3d_photo_stylization: A Python repository from fmu2

3D Photo Stylization: Learning to Generate Stylized Novel Views from a Single Image

Paper | Project Page | Poster | Video Demo

Fangzhou Mu¹,Jian Wang ^2#, Yicheng Wu^2#, Yin Li^1#
¹University of Wisconsin-Madison, ²Snap Research
(^#co-corresponding authors)
CVPR 2022 (Oral)

Overview

This is the official PyTorch implementation of our method for 3D Photo Stylization. Our method takes a single content image and an arbitrary style image, and outputs high-quality stylized renderings that are consistent across views. Our implementation follows a multi-stage pipeline outlined below.

Monocular depth estimation. Given a content image, we apply any off-the-shelf model (such as DPT and LeReS) for depth estimation. The output is a depth image and may optionally include the estimated camera field of view (FOV).
Point cloud construction. We apply 3D Photo Inpainting to convert the content image and its estimated depth into a layered depth image (LDI). We further back-project the LDI pixels to 3D given the estimated camera FOV, and transform the resulting point cloud into normalized device coordinates (NDC).
Point cloud encoding, stylization, rasterization and image decoding. This is the core component of our method. We run a graph convolutional network (GCN) for feature extraction on the point cloud, apply an attention-based style transfer module inspired by AdaAttN for feature modulation, rasterize the featurized point cloud to novel views given camera pose and intrinsics, and decode the feature maps into stylized RGB images using a 2D neural renderer.

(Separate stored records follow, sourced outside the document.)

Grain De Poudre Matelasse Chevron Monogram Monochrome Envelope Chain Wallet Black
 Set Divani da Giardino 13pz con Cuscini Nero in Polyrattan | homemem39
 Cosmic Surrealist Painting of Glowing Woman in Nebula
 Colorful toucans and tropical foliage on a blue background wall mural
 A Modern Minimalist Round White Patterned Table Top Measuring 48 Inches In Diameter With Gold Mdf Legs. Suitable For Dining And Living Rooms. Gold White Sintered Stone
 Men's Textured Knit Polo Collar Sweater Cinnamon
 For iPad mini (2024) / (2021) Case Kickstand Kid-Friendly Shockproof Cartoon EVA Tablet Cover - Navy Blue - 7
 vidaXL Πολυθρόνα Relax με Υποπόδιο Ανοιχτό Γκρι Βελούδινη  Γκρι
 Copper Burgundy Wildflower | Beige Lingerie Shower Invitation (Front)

Note that our repository does not include third-party code for depth estimation and 3D photo inpainting. Please use the sample LDIs and style images in the samples folder to reproduce our results in the paper.

Quick Start

Preliminaries

Clone the repository

git clone https://github.com/fmu2/3d_photo_stylization.git
cd 3d_photo_stylization

Set up the environment

conda create -n 3d_photo_stylization python=3.7
conda activate 3d_photo_stylization
conda install -c pytorch pytorch==1.7.1 torchvision==0.8.2 cudatoolkit=11.0
conda install -c conda-forge tensorboard tensorboardx
conda install -c anaconda scipy pyyaml
conda install -c conda-forge ffmpeg imageio imageio-ffmpeg

(Optional) Install packages for point cloud visualization

conda install -c conda-forge plyfile matplotlib
conda install -c open3d-admin open3d

Compile C++ and CUDA extension

python setup_render.py build_ext --inplace
python setup_pointnet2.py build_ext --inplace

Training

(TODO) Prepare datasets

Download the pre-processed COCO2014 dataset here and the WikiArt dataset here. Unzip the files.

cd coco_pcd
tar -xvzf train.tar.gz
tar -xvzf val.tar.gz
cd ..
cd wikiart
tar -xvzf train.tar.gz
tar -xvzf val.tar.gz
cd ..

Images from the COCO2014 training split are resized to 448 x 448 and converted into LDIs following the aforementioned steps. Each LDI (equivalently 3D point cloud) contains approximately 300K points. We use 80K LDIs for training and the remaining for validation. The raw WikiArt images are extremely large. We down-sample them to 512 x 512 and keep the original training and validation splits.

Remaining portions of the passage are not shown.